Tuesday, June 19, 2007

House Committee: Presidential Records Act Broken

t r u t h o u t | Report: By Matt Renner


A report issued by the House of Representatives Committee on Oversight and Government Reform on Monday claims that there have been wide-spread violations of the Presidential Records Act (PRA) by numerous officials in the Bush Administration since 2001.

The report concluded that '[t]hese violations could be the most serious breach of the PRA in the 30-year history of the law.'

The Presidential Records Act of 1978 states that the records of a president, his immediate staff, and specific areas of the Executive Office of the President belong to the United States, not to the individual president or his staff. The act further states, 'the president shall take all such steps as may be necessary to assure that the activities, deliberations, decisions, and policies that reflect the performance of his constitutional, statutory, or other official or ceremonial duties are adequately documented and that such records are maintained as presidential records pursuant to the requirements of this section and other provisions of law.'

The Chairman of the Oversight Committee, Representative Henry Waxman (D-California) issued a statement about the findings of the report. He said, 'We now know that senior officials in the White House made extensive use of their [unofficial] Republican National Committee (RNC) email accounts; that these accounts were used for official communications; and that the RNC destroyed an enormous volume of these communications."...

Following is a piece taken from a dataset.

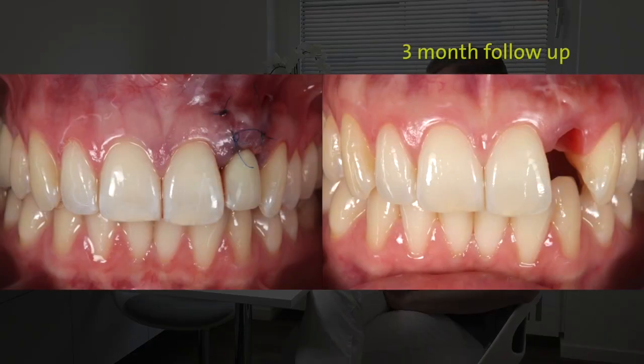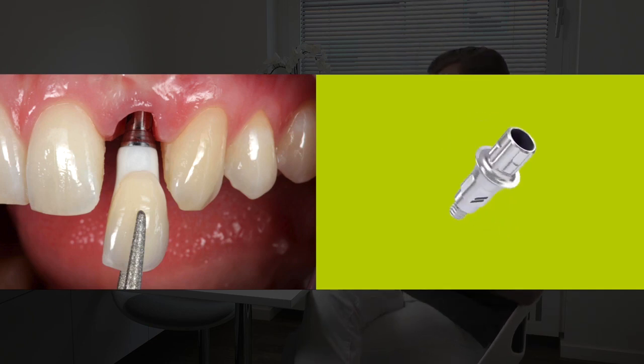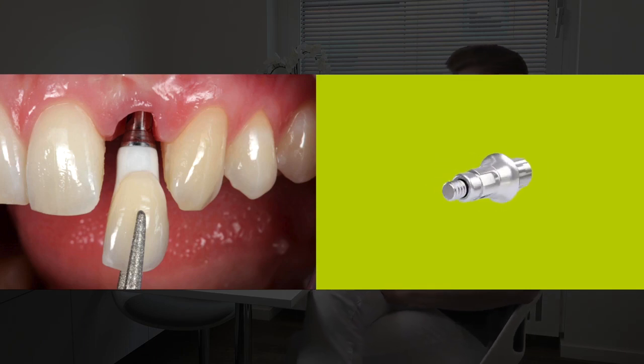On the right picture you see the healing after three months, and this was the day when we took the impression of the implant — you can see nice healing. We fabricated a crown: it's a zirconia framework that we bonded on a titanium base, and of course we have the dental veneering porcelain.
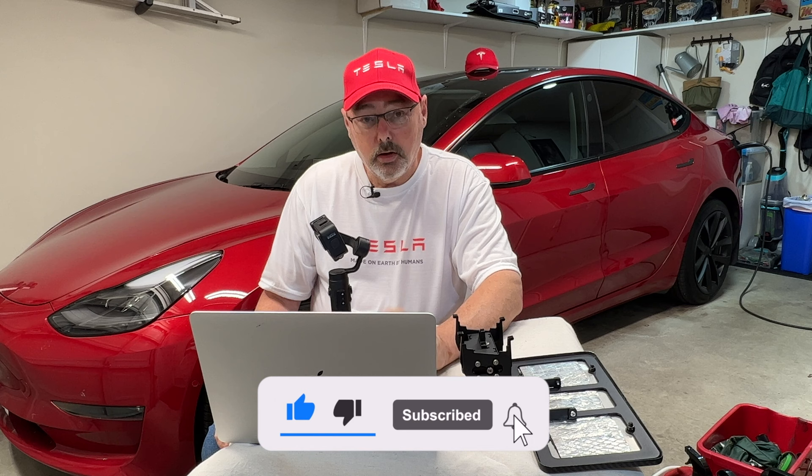All you need to do is get in contact with me and let me know if it's a Model 3 or a Model Y license plate that you want, and I'll make arrangements to have that shipped out to you free of cost. Thanks a lot for watching, and please stay tuned for more draws like this in the future. Thanks everybody, have a good day.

According to information given to Waxman's Committee, the RNC has possession of 140,216 emails from Rove's account and 66,018 emails from Taylor's. The White House sought preemptive access to these and other RNC emails and has not yet turned the emails over to congressional investigators. House Judiciary Chairman John Conyers (D-Michigan) sent a letter to the RNC requesting emails relating to the US attorney firing scandal. The White House intervened, threatening to invoke claims of executive privilege to prevent Congress from acquiring the documents.

Inherent in a claim of executive privilege would be an admission of a violation of the Presidential Records Act. Ohio State Law Professor Peter Shane described the situation as a legal "catch-22" for the Bush Administration. Shane said previously, "If they say that the subject matter of these communications makes them susceptible to executive privilege claims, then they should have been sent through official government channels, not through unofficial emails. If these communications are of this kind, the Bush Administration is clearly in violation of the Presidential Records Act."